Key facts about the migrant and refugee caravans making their way to the USA
Groups of families, including many young people and small children escaping violence, poverty and persecution in Central America, are not a new phenomenon.
For several years, people have fled Honduras, El Salvador, Guatemala and other countries to head north towards the USA.
Travelling as a group, many make the exhausting and dangerous journey through Mexico. Some travel with their children. Many have the aim of seeking protection as refugees in the USA or in Mexico.
However, the climate towards migrants and refugees has deteriorated sharply under the Trump administration, which has separated children from asylum-seeking parents, threatened to close the southern border to Central Americans and proposed paying the Mexican government millions of dollars to deport irregular migrants, among other hostile policies.
When did these recent movements of people begin?
The BBC reported that on 12 October 2018, around 160 people gathered at a bus terminal in the Honduran city of San Pedro Sula, ready to begin their long journey north; a journey they had been planning for more than a month.

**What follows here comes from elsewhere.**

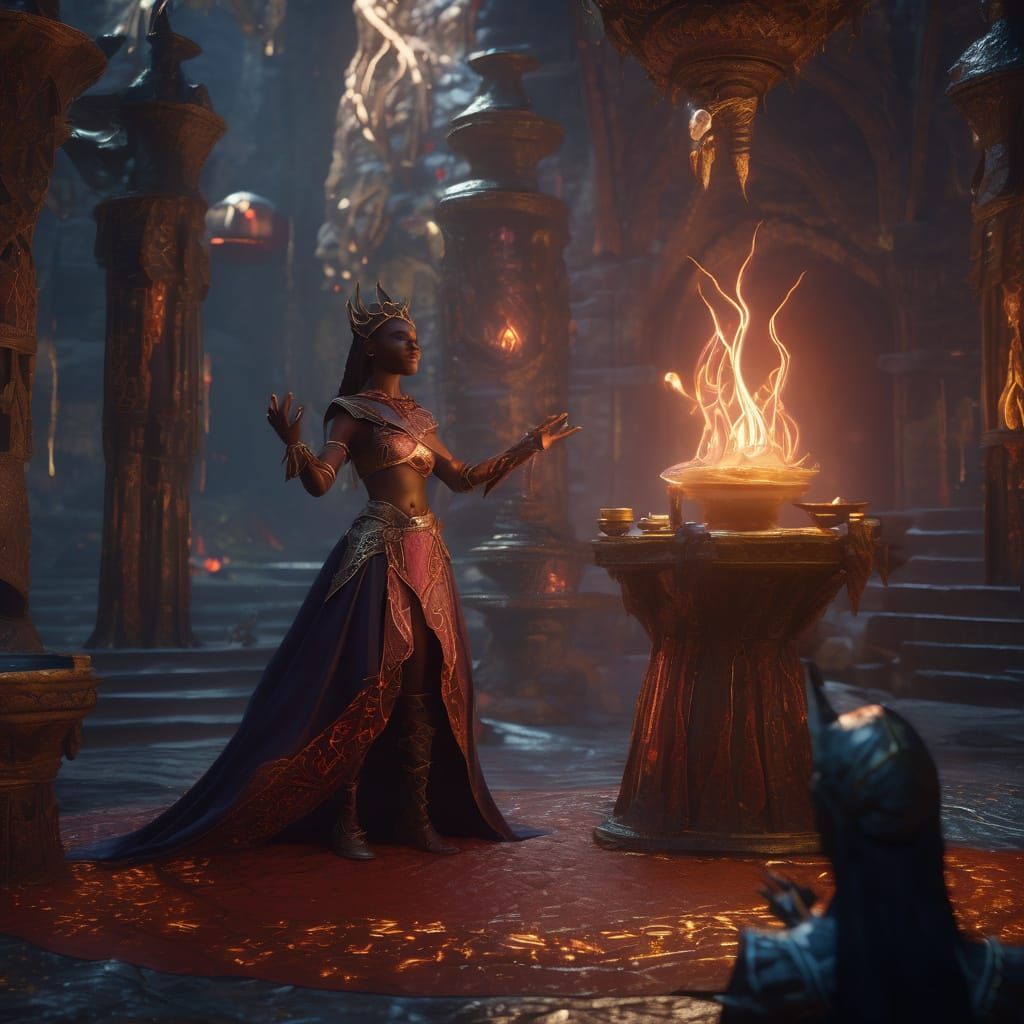 Dark Elf Princess Casts Blood Magic in Fantasy Kingdom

By the time the group set off in the early hours of 13 October, more than 1,000 others had joined them. The group swelled in size and entered Mexico on 19 October. Many groups have followed them since then.
How big are these groups?
Estimates vary wildly, with some people returning home as others join the group or other new groups start the journey.

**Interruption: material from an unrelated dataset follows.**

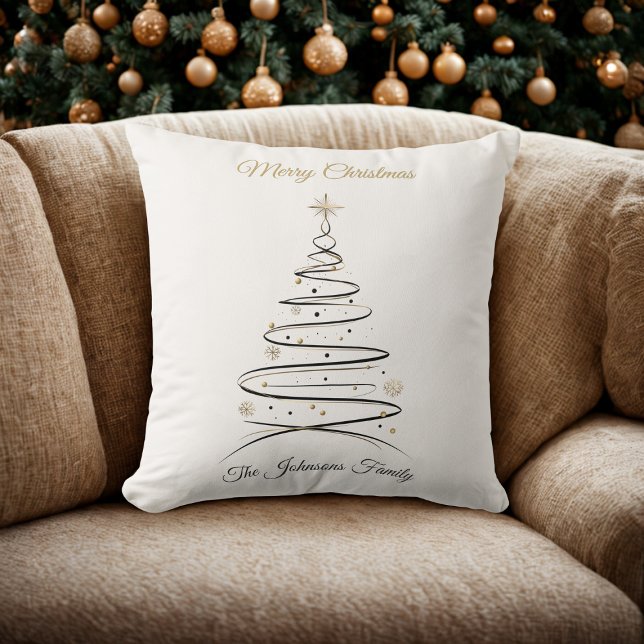 Modern Elegant Minimal Christmas Tree Pillow (Creator Uploaded)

It’s difficult to calculate the total size of the various caravans currently moving north through Mexico. Amnesty International’s calculations as of 12 November, based on official statements, estimations from municipalities, international organizations and civil society, range from 8,000 to 10,000 people that comprise the total members of the caravans.
International organizations specialising in children’s rights have estimated that at least one in four members of the first caravan to enter Mexico were children.

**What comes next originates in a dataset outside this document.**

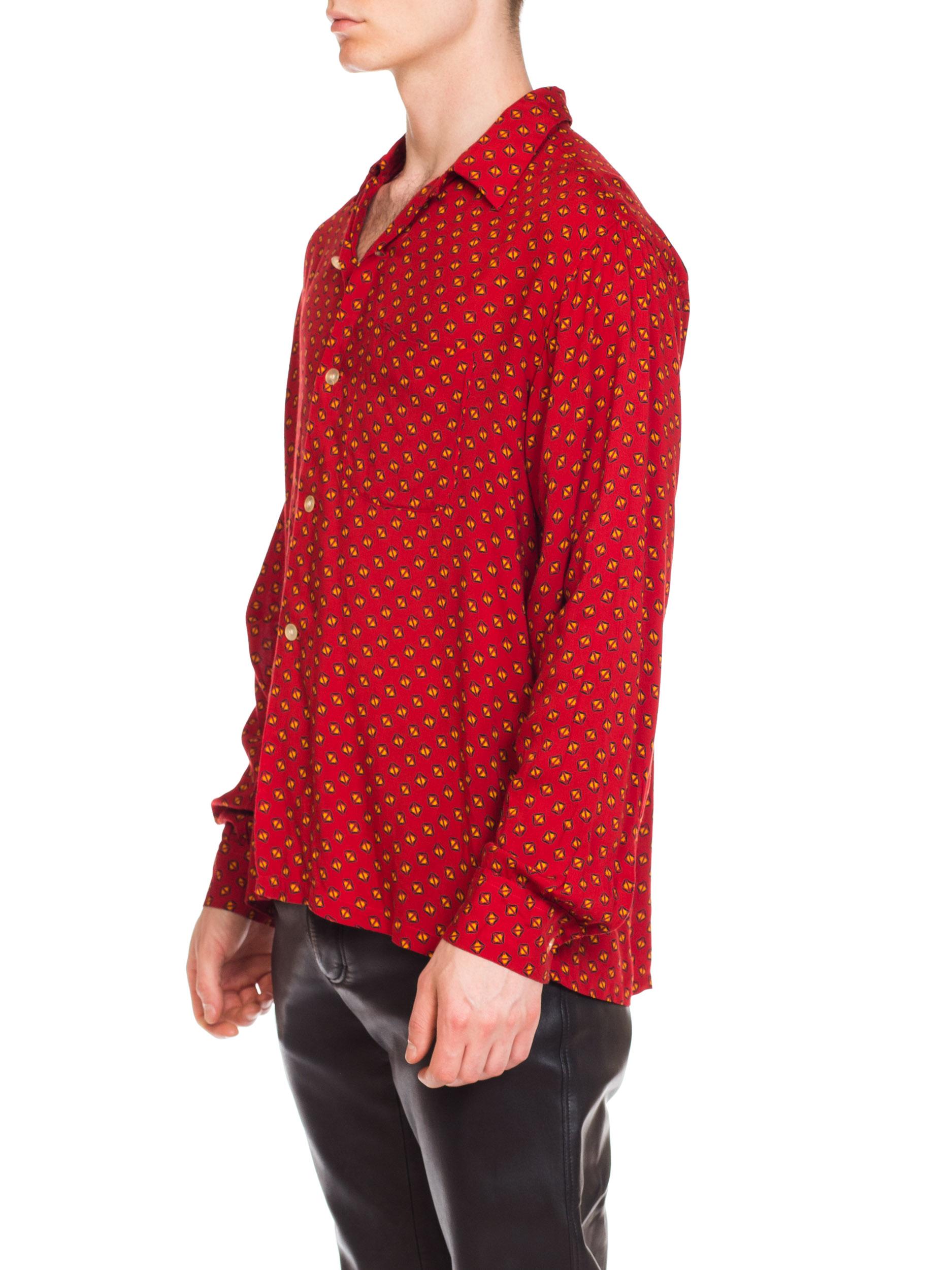 1940S Red Rayon Men's Printed Foulard Rockabilly Long Sleeve Shirt With Patch Pockets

Many migrants and refugees have opted to form caravans, rather than travel through Mexico alone, because they are frightened of being kidnapped by human traffickers, falling into the hands of organized crime and drug cartels, or suffering abuses from the police or military.
What has prompted people to embark on this arduous journey?
These caravans are made up of people who felt compelled to leave their homes and families for a number of reasons. Students, bakers, bus drivers, small-business owners, newspaper sellers, waitresses, parents with small babies – these are the people fleeing to find a safer place to live.
Many make the heart-breaking decision to leave instead of living in desperate fear of being the next victim of violence. Honduras, for example, has one of the highest murder rates in Latin America, and the world. Its murder rate is 800 percent higher than that of the United States.
Other people leave after facing death threats for refusing to pay extortion to violent criminal networks known as maras that control territory and resources in countries such as El Salvador and Honduras. It is particularly difficult to escape the grip of maras in these small countries, which are each roughly the size of the states of New Jersey and of Arizona, respectively.
A lack of protection from their governments, poverty and precarious living conditions are other factors driving people from their homes.
What are conditions like for the people making the journey?
Whether travelling on foot, boarding a bus or hitching a lift in a truck, Central Americans face a gruelling journey of several weeks, spanning hundreds of miles, to reach the USA.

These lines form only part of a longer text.